**Work to be completed:** Reproduce word for word the lines between those holding "Savon Solide à" and "Local Dentist Frisco", inclusive, and nothing else from the data below.
Provided information: Begin
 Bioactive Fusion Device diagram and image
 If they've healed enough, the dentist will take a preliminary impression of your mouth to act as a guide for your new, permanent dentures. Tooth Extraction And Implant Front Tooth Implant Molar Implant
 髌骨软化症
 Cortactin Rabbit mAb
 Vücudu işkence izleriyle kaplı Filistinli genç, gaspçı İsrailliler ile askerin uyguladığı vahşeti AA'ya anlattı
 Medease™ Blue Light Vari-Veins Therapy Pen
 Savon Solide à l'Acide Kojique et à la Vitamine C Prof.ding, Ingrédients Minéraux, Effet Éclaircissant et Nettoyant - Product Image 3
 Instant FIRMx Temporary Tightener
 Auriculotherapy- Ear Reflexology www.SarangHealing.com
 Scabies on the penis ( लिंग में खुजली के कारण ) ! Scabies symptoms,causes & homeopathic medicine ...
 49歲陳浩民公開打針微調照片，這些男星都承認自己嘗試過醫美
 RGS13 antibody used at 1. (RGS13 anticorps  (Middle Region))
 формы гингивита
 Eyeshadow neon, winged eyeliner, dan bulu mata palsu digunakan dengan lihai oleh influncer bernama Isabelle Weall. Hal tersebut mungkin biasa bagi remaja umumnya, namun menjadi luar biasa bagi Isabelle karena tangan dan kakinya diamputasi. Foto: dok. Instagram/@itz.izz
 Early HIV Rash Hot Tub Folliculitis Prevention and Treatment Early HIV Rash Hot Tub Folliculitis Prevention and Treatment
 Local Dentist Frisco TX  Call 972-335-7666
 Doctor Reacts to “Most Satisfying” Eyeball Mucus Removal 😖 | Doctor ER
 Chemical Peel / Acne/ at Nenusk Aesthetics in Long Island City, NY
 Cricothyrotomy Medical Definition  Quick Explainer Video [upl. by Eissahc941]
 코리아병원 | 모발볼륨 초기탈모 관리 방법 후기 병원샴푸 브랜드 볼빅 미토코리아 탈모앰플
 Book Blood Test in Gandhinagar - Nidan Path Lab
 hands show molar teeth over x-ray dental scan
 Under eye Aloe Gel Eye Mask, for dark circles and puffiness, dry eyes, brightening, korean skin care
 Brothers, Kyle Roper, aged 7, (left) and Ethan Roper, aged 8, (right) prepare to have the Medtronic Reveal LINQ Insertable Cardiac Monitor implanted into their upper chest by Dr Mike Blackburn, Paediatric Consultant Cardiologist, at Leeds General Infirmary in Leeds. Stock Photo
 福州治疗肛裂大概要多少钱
Provided information: End
**Written solution:**
 Savon Solide à l'Acide Kojique et à la Vitamine C Prof.ding, Ingrédients Minéraux, Effet Éclaircissant et Nettoyant - Product Image 3
 Instant FIRMx Temporary Tightener
 Auriculotherapy- Ear Reflexology www.SarangHealing.com
 Scabies on the penis ( लिंग में खुजली के कारण ) ! Scabies symptoms,causes & homeopathic medicine ...
 49歲陳浩民公開打針微調照片，這些男星都承認自己嘗試過醫美
 RGS13 antibody used at 1. (RGS13 anticorps  (Middle Region))
 формы гингивита
 Eyeshadow neon, winged eyeliner, dan bulu mata palsu digunakan dengan lihai oleh influncer bernama Isabelle Weall. Hal tersebut mungkin biasa bagi remaja umumnya, namun menjadi luar biasa bagi Isabelle karena tangan dan kakinya diamputasi. Foto: dok. Instagram/@itz.izz
 Early HIV Rash Hot Tub Folliculitis Prevention and Treatment Early HIV Rash Hot Tub Folliculitis Prevention and Treatment
 Local Dentist Frisco TX  Call 972-335-7666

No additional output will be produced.